*Short web captions*
+===+
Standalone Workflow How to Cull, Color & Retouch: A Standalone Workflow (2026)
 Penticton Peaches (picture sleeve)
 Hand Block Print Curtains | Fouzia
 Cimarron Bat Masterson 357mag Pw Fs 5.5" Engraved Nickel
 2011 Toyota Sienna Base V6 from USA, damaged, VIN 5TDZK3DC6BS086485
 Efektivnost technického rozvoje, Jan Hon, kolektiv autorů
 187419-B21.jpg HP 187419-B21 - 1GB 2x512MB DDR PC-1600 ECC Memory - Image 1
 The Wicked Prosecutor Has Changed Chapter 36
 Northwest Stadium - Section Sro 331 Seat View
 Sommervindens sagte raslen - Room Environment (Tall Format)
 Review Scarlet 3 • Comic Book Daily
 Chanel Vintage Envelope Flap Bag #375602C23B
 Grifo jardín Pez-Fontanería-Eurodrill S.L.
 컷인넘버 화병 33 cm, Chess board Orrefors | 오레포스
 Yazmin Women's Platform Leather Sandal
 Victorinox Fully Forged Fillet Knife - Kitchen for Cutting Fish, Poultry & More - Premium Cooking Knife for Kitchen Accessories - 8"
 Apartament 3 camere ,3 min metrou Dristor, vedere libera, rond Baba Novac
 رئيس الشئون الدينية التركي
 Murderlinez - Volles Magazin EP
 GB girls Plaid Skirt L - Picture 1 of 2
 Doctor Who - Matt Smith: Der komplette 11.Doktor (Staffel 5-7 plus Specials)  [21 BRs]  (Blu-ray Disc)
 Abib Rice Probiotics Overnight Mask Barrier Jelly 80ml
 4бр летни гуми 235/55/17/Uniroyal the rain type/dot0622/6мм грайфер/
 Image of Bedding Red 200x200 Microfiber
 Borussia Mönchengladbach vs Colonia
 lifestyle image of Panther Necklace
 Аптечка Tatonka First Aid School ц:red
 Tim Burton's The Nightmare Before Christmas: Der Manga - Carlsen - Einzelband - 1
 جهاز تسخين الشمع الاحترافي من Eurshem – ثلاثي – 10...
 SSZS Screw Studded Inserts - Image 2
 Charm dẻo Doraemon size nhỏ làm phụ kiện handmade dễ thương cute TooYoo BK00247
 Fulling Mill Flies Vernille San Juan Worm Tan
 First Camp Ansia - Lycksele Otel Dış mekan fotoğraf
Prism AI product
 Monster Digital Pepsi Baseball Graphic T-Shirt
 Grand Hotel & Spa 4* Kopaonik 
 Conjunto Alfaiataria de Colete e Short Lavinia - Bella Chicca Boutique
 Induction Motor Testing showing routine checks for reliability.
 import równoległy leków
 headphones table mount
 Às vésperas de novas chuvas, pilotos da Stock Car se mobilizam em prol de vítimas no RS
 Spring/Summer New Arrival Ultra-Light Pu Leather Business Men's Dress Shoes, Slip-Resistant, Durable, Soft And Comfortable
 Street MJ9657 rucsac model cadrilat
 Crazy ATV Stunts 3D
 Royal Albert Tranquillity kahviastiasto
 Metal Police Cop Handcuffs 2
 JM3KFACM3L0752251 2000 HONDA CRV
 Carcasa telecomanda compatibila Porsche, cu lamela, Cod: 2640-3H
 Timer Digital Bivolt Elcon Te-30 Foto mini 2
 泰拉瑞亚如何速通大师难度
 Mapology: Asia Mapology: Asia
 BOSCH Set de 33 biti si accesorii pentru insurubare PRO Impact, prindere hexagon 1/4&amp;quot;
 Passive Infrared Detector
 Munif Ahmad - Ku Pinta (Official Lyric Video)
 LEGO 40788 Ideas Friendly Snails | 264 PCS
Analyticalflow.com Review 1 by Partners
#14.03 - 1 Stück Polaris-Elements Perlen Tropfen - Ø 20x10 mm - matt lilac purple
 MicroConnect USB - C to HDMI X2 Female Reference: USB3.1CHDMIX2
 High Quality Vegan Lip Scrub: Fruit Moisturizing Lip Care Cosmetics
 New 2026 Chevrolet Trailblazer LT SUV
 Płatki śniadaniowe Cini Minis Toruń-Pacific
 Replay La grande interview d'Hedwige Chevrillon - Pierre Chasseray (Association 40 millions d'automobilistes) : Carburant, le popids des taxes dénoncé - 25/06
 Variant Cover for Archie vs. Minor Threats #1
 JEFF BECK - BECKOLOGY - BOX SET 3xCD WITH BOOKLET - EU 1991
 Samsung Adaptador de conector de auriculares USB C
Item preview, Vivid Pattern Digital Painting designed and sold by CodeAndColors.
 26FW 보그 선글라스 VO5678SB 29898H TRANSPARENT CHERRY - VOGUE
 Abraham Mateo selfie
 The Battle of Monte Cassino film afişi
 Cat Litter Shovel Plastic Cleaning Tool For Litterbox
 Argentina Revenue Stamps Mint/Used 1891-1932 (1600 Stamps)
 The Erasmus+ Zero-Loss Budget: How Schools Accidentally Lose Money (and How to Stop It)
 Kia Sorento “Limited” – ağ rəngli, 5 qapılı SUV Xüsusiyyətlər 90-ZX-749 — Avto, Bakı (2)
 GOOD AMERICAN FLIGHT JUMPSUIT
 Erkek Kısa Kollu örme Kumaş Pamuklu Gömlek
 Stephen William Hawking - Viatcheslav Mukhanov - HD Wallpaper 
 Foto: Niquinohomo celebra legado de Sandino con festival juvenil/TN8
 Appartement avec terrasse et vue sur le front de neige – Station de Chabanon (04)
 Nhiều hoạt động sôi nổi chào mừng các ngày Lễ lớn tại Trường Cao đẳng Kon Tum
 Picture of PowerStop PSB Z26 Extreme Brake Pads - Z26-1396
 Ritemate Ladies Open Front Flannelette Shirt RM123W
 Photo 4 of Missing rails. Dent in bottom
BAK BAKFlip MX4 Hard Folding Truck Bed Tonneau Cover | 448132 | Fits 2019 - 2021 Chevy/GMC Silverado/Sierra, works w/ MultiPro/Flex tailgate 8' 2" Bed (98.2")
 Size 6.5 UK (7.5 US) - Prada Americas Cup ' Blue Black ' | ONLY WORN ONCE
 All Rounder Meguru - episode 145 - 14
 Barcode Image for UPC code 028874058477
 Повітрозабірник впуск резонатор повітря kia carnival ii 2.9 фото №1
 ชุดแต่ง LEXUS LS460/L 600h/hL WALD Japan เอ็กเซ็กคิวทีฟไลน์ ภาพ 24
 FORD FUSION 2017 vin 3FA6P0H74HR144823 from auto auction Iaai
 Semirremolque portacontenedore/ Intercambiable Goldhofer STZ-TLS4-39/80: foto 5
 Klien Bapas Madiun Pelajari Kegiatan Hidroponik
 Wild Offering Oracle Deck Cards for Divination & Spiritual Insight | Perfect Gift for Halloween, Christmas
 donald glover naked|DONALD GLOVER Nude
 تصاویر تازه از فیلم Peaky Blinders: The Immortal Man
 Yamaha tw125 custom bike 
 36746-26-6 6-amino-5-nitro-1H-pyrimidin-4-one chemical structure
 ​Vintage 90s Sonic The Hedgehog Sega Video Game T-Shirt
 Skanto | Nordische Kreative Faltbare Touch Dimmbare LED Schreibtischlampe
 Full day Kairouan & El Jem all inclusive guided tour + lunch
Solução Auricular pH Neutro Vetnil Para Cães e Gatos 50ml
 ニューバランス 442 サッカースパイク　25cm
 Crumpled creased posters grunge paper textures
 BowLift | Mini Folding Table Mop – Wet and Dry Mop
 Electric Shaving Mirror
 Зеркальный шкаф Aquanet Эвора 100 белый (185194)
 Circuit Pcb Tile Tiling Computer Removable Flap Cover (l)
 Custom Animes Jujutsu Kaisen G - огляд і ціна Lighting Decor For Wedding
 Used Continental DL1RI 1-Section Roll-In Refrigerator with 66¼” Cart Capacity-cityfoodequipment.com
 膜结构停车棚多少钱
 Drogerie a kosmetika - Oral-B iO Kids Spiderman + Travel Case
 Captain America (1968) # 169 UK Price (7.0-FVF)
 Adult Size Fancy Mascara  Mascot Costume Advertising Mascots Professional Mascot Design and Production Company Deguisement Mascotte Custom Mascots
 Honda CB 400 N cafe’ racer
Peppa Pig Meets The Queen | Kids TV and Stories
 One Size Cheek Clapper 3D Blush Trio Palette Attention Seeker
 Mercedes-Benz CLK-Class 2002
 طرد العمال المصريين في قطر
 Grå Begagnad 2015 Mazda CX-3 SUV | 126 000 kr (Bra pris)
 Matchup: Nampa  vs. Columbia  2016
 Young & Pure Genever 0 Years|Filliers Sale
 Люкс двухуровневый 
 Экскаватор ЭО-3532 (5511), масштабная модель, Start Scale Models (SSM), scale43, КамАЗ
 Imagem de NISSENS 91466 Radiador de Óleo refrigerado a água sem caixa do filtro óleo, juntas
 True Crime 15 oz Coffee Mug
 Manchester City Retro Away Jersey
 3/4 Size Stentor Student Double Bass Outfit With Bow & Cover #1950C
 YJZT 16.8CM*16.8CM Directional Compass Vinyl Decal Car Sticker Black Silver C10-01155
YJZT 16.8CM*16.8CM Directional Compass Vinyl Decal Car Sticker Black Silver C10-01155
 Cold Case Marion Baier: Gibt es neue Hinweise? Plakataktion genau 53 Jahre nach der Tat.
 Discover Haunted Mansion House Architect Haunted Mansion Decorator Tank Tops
+===+
*Work task*
A complete answer lists each line of the data that holds the word "Directional".

*Output below*
 YJZT 16.8CM*16.8CM Directional Compass Vinyl Decal Car Sticker Black Silver C10-01155
YJZT 16.8CM*16.8CM Directional Compass Vinyl Decal Car Sticker Black Silver C10-01155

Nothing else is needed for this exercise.